─── RECORDS TO USE

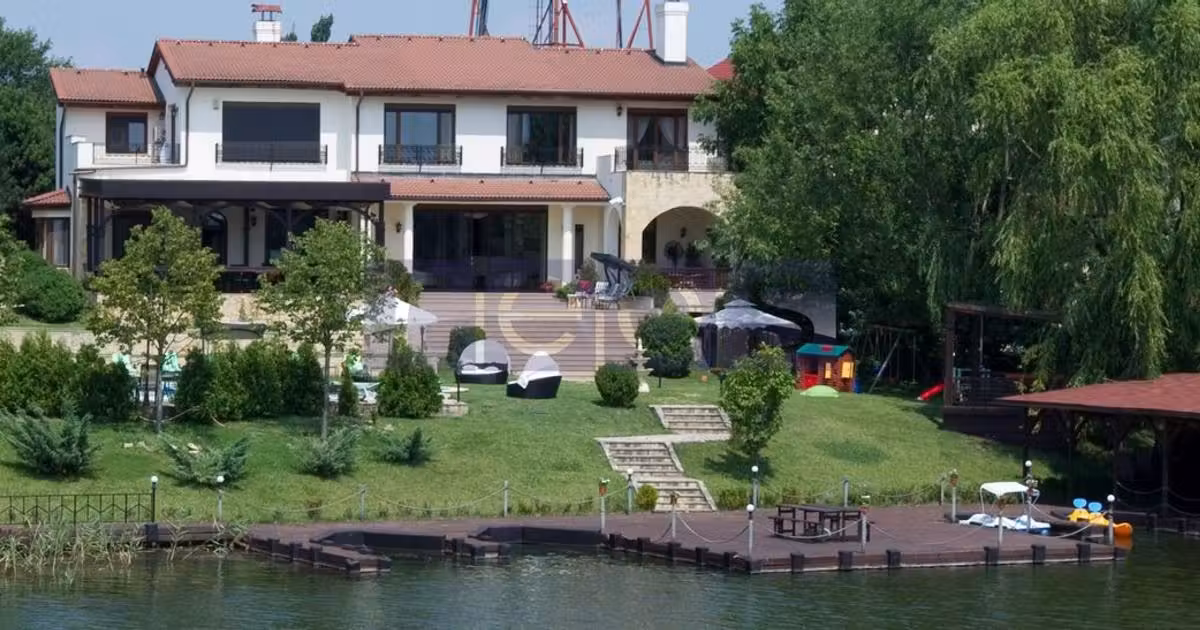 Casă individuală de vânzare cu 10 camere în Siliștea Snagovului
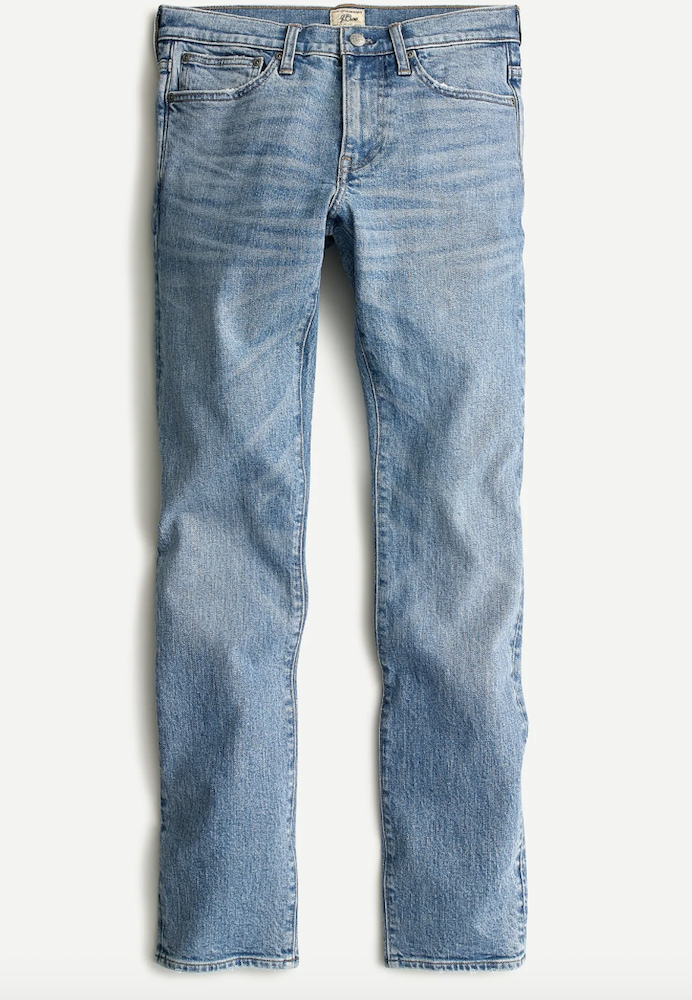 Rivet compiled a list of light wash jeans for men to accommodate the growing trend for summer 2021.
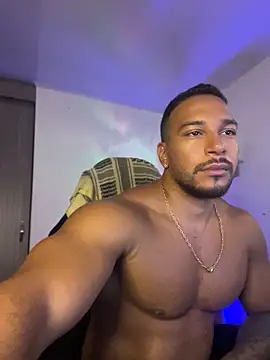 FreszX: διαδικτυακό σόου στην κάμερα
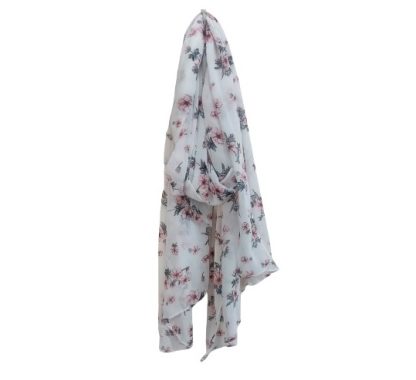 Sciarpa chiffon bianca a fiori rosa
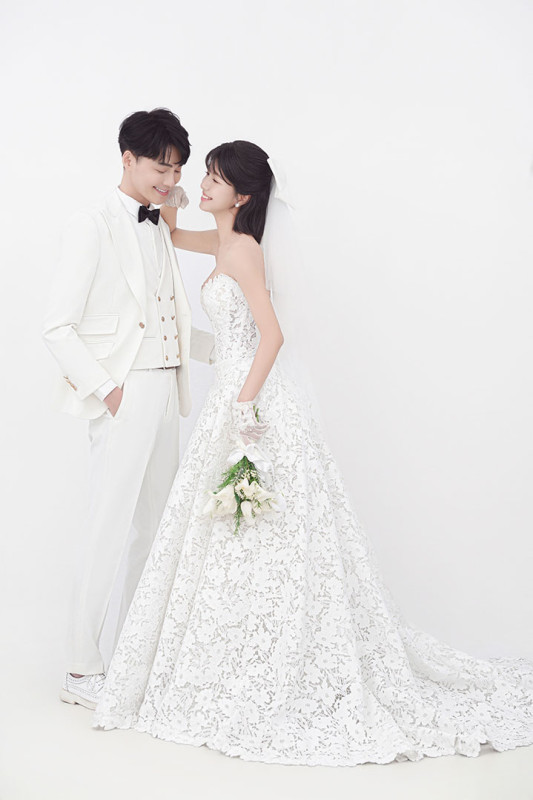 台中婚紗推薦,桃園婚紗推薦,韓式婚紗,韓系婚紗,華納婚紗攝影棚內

──────

--- WHAT TO WORK ON ---
Exactly as written, restate the lines from the one that contains "FreszX: διαδικτυακό σόου στην κάμερα" through the final line of the data, both ends included, but leave out the pictures.

--- SOLUTION FOR THIS TASK ---
 FreszX: διαδικτυακό σόου στην κάμερα
 Sciarpa chiffon bianca a fiori rosa
 台中婚紗推薦,桃園婚紗推薦,韓式婚紗,韓系婚紗,華納婚紗攝影棚內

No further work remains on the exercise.